Acquisition of effector functions in T cells is guided by transcription factors, including NF‐κB, that itself is tightly controlled by inhibitory proteins. The atypical NF‐κB inhibitor, IκB(NS,) is involved in the development of Th1, Th17, and regulatory T (Treg) cells. However, it remained unclear to which extend IκB(NS) contributed to the acquisition of effector function in T cells specifically responding to a pathogen during in vivo infection. Tracking of adoptively transferred T cells in Listeria monocytogenes infected mice antigen‐specific activation of CD4(+) T cells following in vivo pathogen encounter to strongly rely on IκB(NS).

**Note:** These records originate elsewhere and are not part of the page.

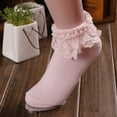 thumbnail image 2 of Womens Lace Trim Ankle Socks Ruffle Frilly Comfortable Cotton Socks Pair, 2 of 4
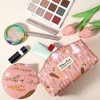 Unique Bargains Women's Printed Makeup Bag Pink 1 Pc - 3 of 4
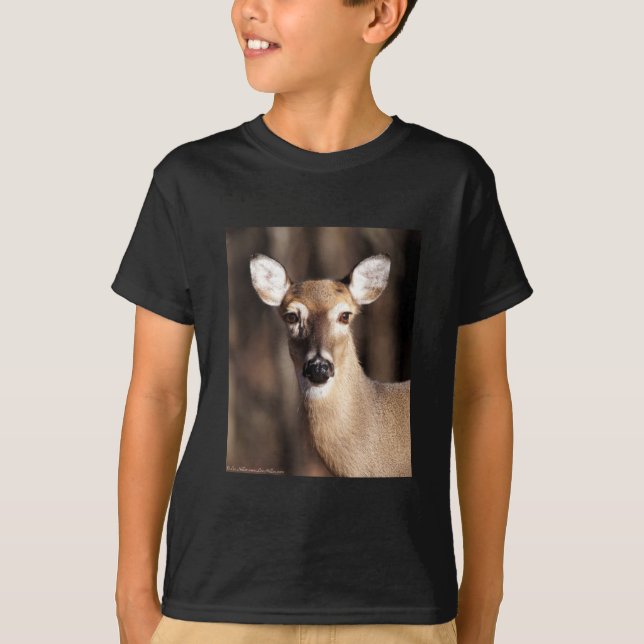 T-shirt Wildlife Whitetail Deer Doe Portrait (Devant)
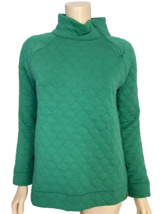 T by Talbots Green Quilted 1/4 Zip High Collar Sweatshirt Size S - $19.94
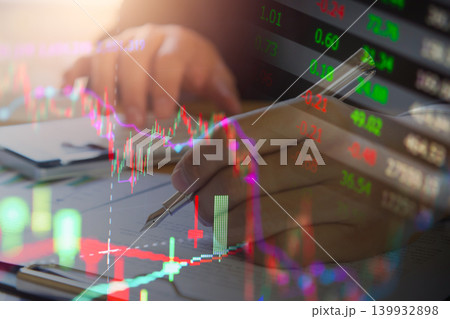 Stock market or forex trading graph and candlestick chart suitable for financial investment concept. Economy trends background for business idea and all art work design. Abstract finance background. Stock market or forex trading graph and candlestick chart suitable for financial investment concept. Economy trends background for business idea and all art work design. Abstract finance background. 139932898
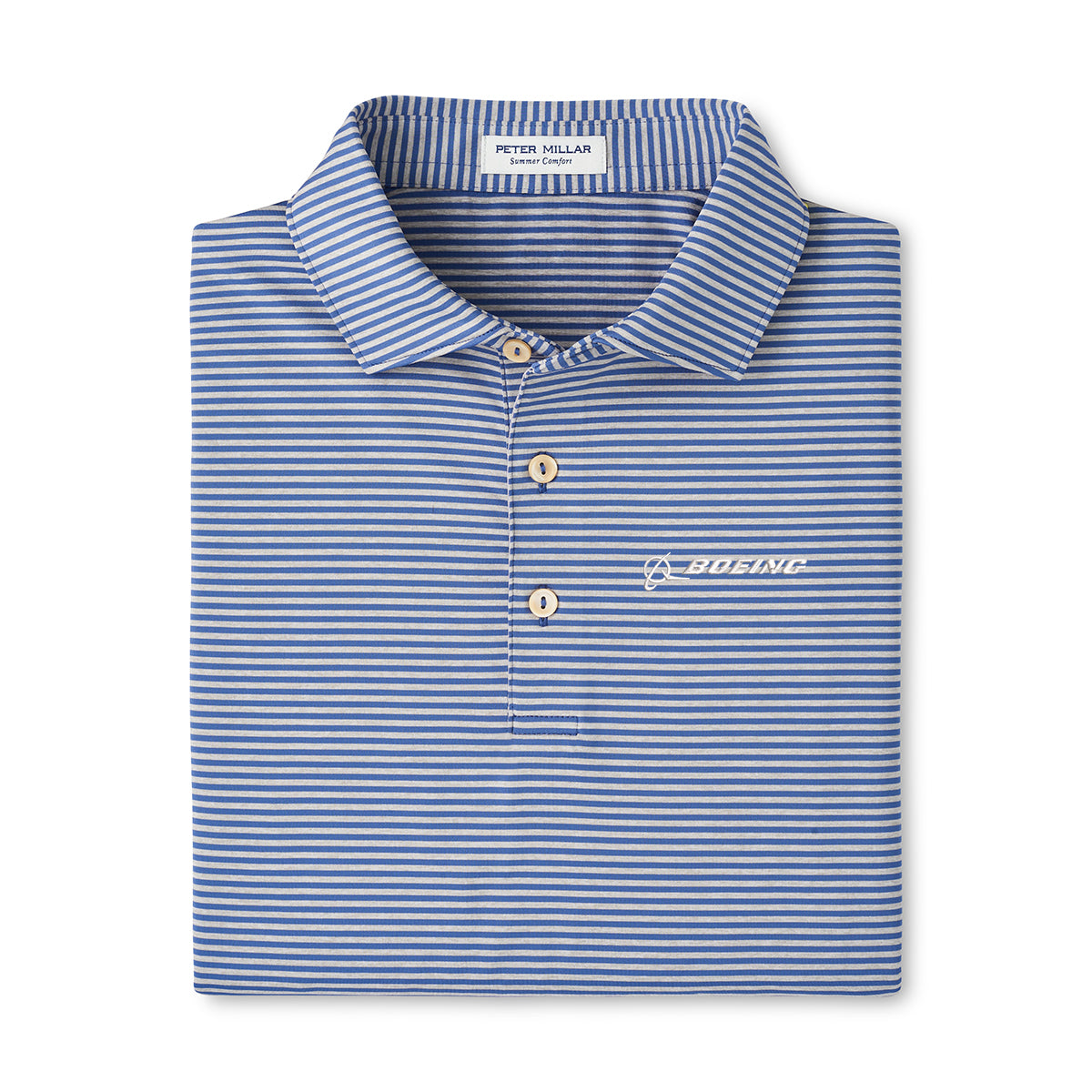 The Peter Millar Boeing Men’s Hales Performance Polo features blue and white stripes, a three-button collar, the BOSNC logo on the left chest, and moisture-wicking fabric for all-day comfort. Inside collar label reads Peter Millar.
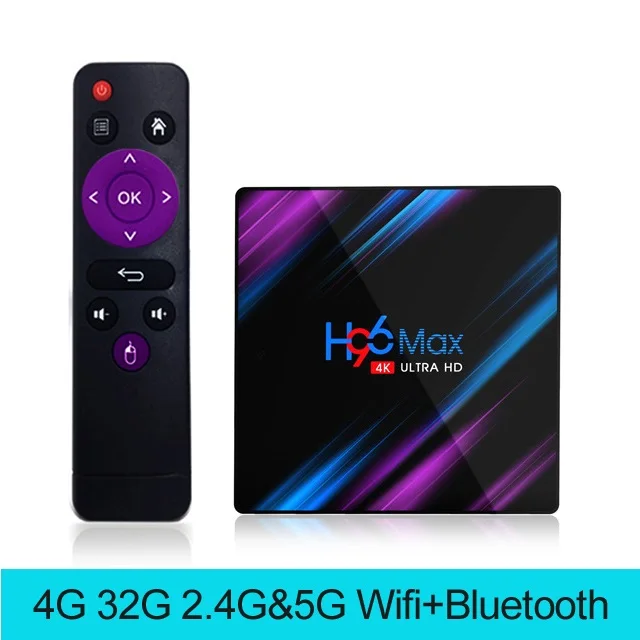 4G 32G Телеприставка Wechip H96 MAX Android 9,0 4G 64G RK3318 4 ядра 2,4G/5G Wifi BT 4,0 4K HD приставка Google Play YouTube Netflix H96max - Цвет: 4G 32G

While IκB(NS) was largely dispensable for the acquisition of cytotoxic effector function in CD8(+) T cells, IκB(NS)‐deficient Th1 effector cells exhibited significantly reduced proliferation, marked changes in the pattern of activation marker expression, and reduced production of the Th1‐cell cytokines IFN‐γ, IL‐2, and TNF‐α. Complementary in vitro analyses using cells from novel reporter and inducible knockout mice revealed that IκB(NS) predominantly affects the early phase of Th1‐cell differentiation while its function in terminally differentiated cells appears to be negligible. Our data suggest IκB(NS) as a potential target to modulate specifically CD4(+) T‐cell responses.